21. Protocols — String Services

21.1. Unicode Collation Protocol

This section defines the Unicode Collation protocol. This protocol is used to allow code running in the boot services environment to perform lexical comparison functions on Unicode strings for given languages.

21.1.1. EFI_UNICODE_COLLATION_PROTOCOL

Summary

Is used to perform case-insensitive comparisons of strings.

GUID

#define EFI_UNICODE_COLLATION_PROTOCOL2_GUID \
  {0xa4c751fc, 0x23ae, 0x4c3e, \
    {0x92, 0xe9, 0x49, 0x64, 0xcf, 0x63, 0xf3, 0x49}}

Protocol Interface Structure

typedef struct {
  EFI_UNICODE_COLLATION_STRICOLL         StriColl;
  EFI_UNICODE_COLLATION_METAIMATCH       MetaiMatch;
  EFI_UNICODE_COLLATION_STRLWR           StrLwr;
  EFI_UNICODE_COLLATION_STRUPR           StrUpr;
  EFI_UNICODE_COLLATION_FATTOSTR         FatToStr;
  EFI_UNICODE_COLLATION_STRTOFAT         StrToFat;
  CHAR8                                  *SupportedLanguages;
} EFI_UNICODE_COLLATION_PROTOCOL;

Parameters

StriColl

Performs a case-insensitive comparison of two Null-terminated strings. See the EFI_UNICODE_COLLATION_PROTOCOL.StriColl() function description.

MetaiMatch

Performs a case-insensitive comparison between a Null-terminated pattern string and a Null-terminated string. The pattern string can use the ‘?’ wildcard to match any character, and the ‘*’ wildcard to match any substring. See the EFI_UNICODE_COLLATION_PROTOCOL.MetaiMatch() function description.

StrLwr

Converts all the characters in a Null-terminated string to lowercase characters. See the EFI_UNICODE_COLLATION_PROTOCOL.StrLwr() function description.

StrUpr

Converts all the characters in a Null-terminated string to uppercase characters.

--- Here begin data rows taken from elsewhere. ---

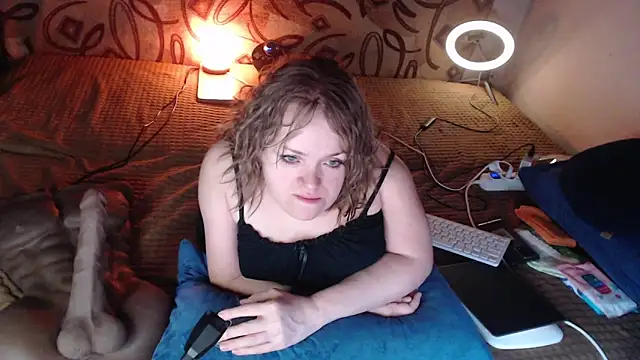 Snapshot of MiniNatalie chatting on 01-24-25, 11:45 MiniNatalie online show from 01-24-25, 11:45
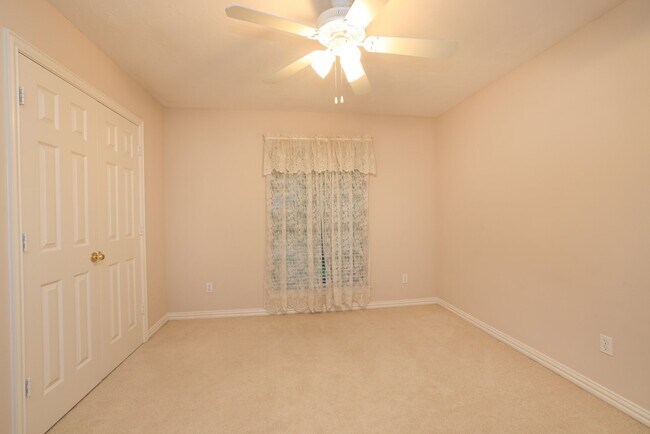 Building Photo - 17222 Leeside Dr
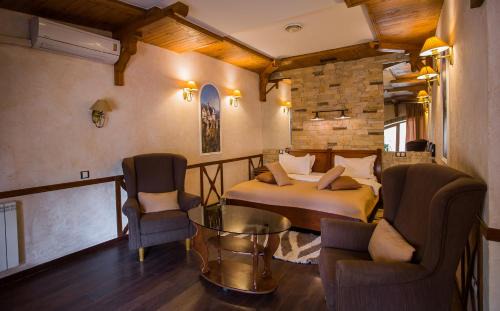 Darnitsa District Hotel | Relaxing Spa-Hotel Myslyvskiy Dvir with Ocean Views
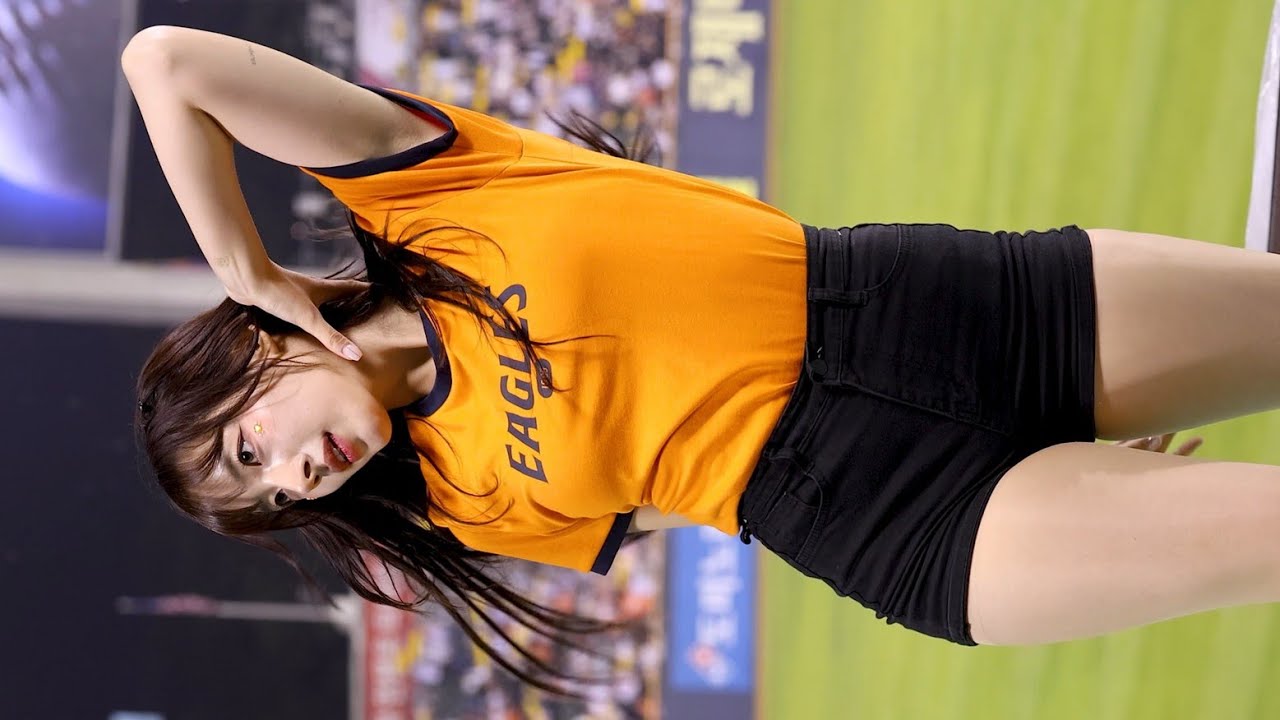 [4K] 250529 한화이글스 하지원 치어리더 ' aespa (에스파) - Whiplash ' 직캠 @잠실종합운동장잠실야구장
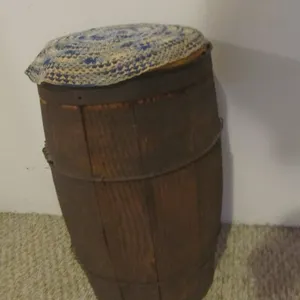 Nail Barrel w/Cushion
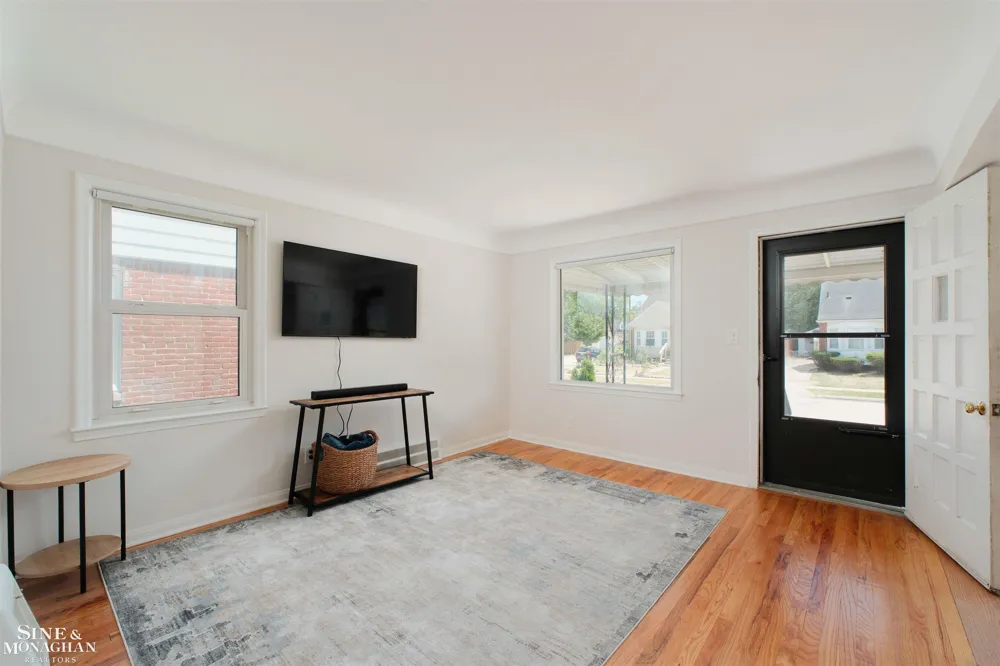 21149 Sunnydale Street St Clair Shores City, MI 48081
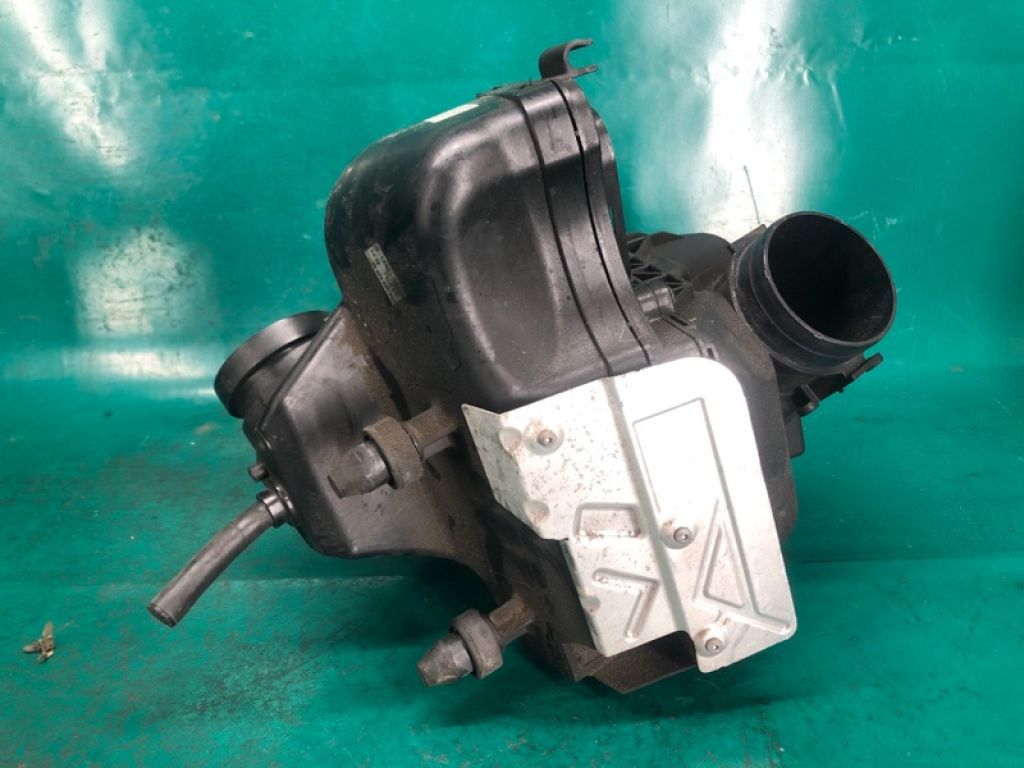 8K0 133 837 BJ | Корпус воздушного фильтра AUDI Q5 08-16 - Фото 5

See the EFI_UNICODE_COLLATION_PROTOCOL.StrUpr() function description.

FatToStr

Converts an 8.3 FAT file name using an OEM character set to a Null-terminated string. See the EFI_UNICODE_COLLATION_PROTOCOL.FatToStr() function description.

StrToFat

Converts a Null-terminated string to legal characters in a FAT filename using an OEM character set. See the EFI_UNICODE_COLLATION_PROTOCOL.StrToFat() function description.

SupportedLanguages

A Null-terminated ASCII string array that contains one or more language codes. This array is specified in RFC 4646 format. See Appendix M — Formats — Language Codes and Language Code Arrays

Description

The EFI_UNICODE_COLLATION_PROTOCOL is used to perform case-insensitive comparisons of strings.

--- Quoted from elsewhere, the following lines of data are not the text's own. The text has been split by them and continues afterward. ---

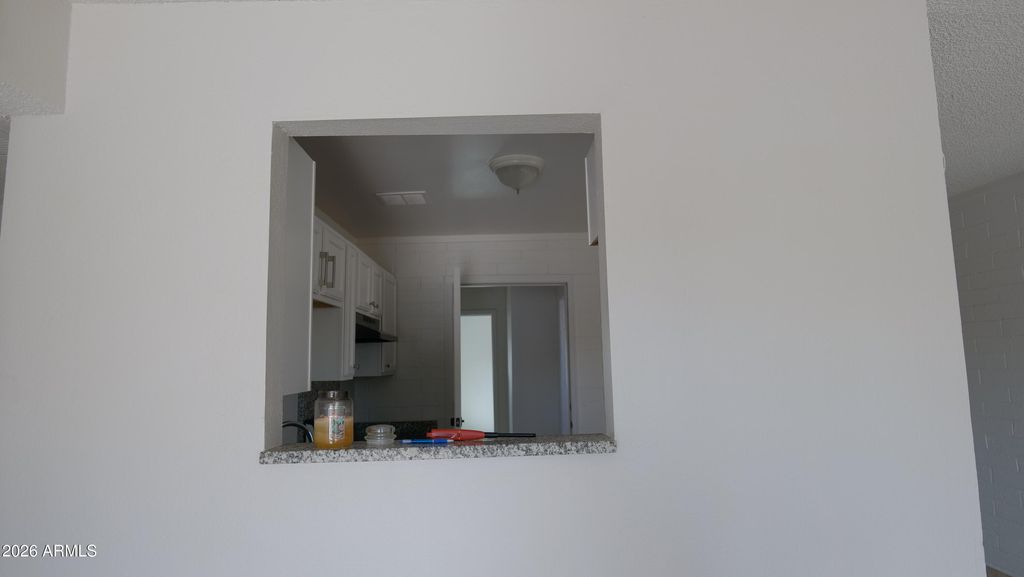 2520 E CHIPMAN Road, Phoenix, AZ 85040 — photo 5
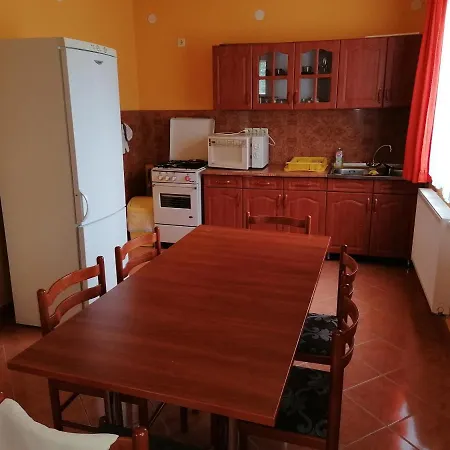 Sarkifeny Vendeghaz Vásárosnamény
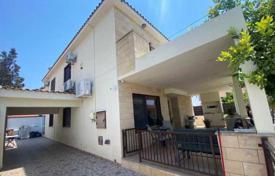 4 dormitorio chalet en Larnaca, Chipre. 360 000 €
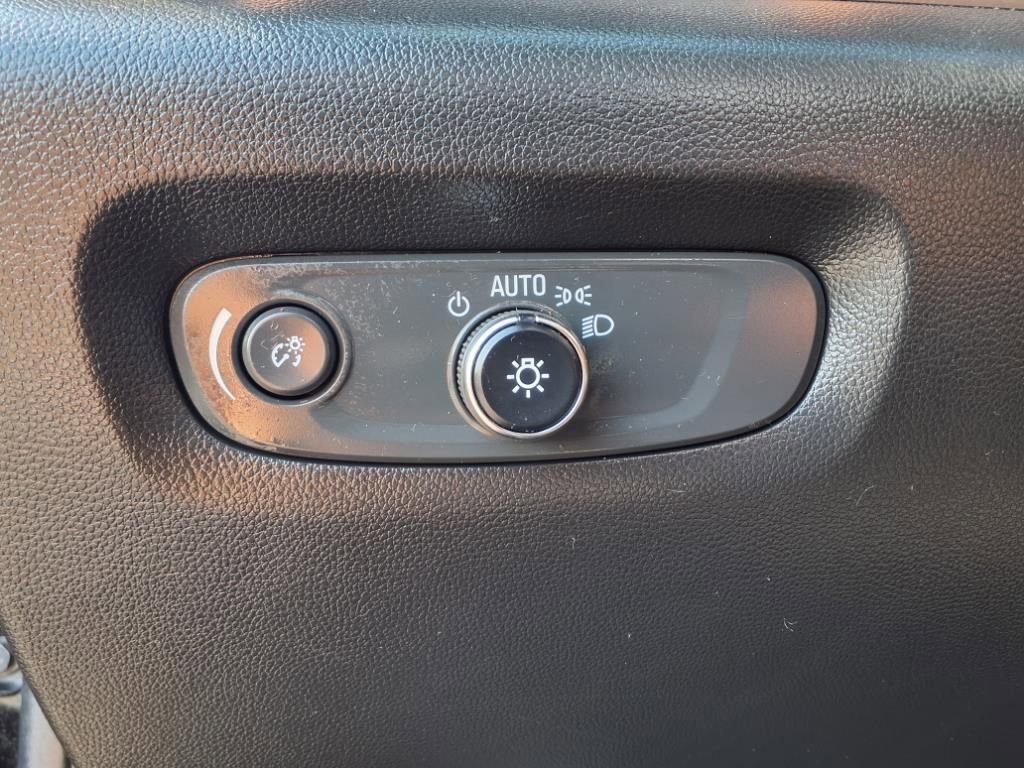 Used 2023 Chevrolet Traverse High Country w/ LPO, Floor Liner Package image 17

One or more of the EFI_UNICODE_COLLATION_PROTOCOL instances may be present at one time. Each protocol instance can support one or more language codes. The language codes supported in the EFI_UNICODE_COLLATION_PROTOCOL are declared in SupportedLanguages .

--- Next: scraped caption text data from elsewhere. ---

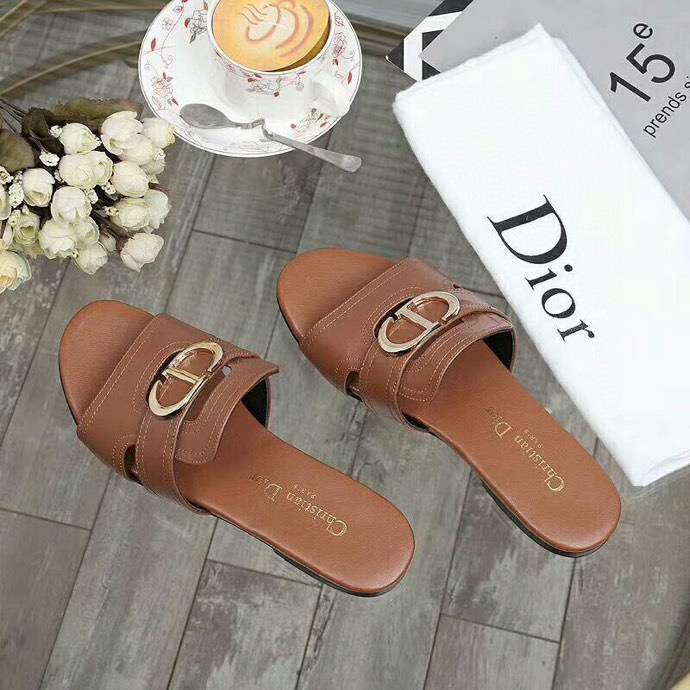 30 Montaigne Slide Camel Calfskin | DIOR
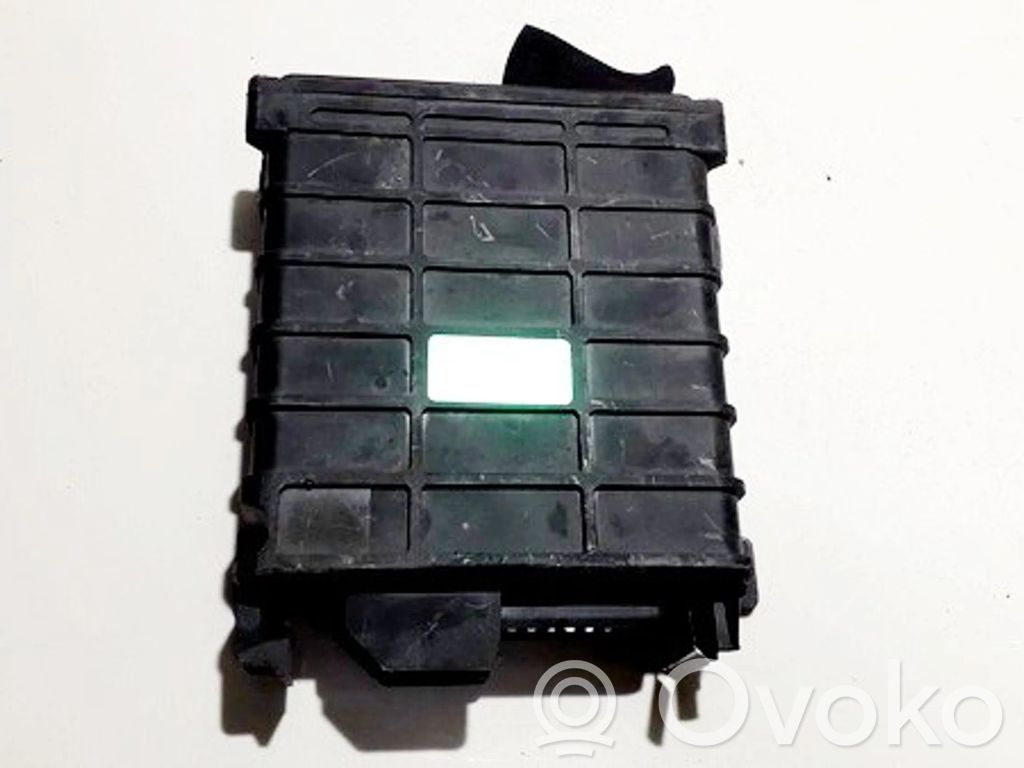 Volkswagen Golf II Unitate/modul de control motor 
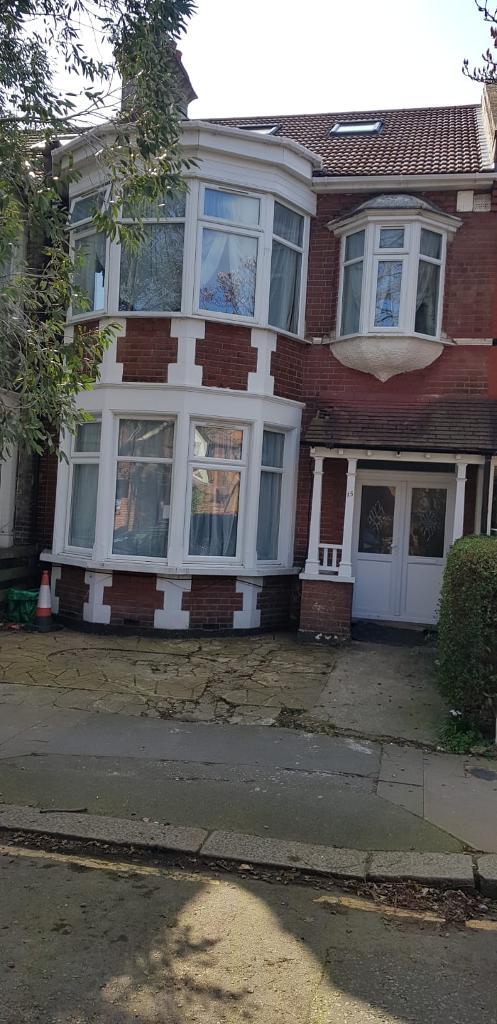7 Bedroom Semi-Detached to Rent in London, IG1 4AR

The SupportedLanguages is a Null-terminated ASCII string array that contains one or more supported language codes. This is the list of language codes that this protocol supports. See Appendix M — Formats — Language Codes and Language Code Arrays for the format of language codes and language code arrays.

The main motivation for this protocol is to help support file names in a file system driver. When a file is opened, a file name needs to be compared to the file names on the disk. In some cases, this comparison needs to be performed in a case-insensitive manner. In addition, this protocol can be used to sort files from a directory or to perform a case-insensitive file search.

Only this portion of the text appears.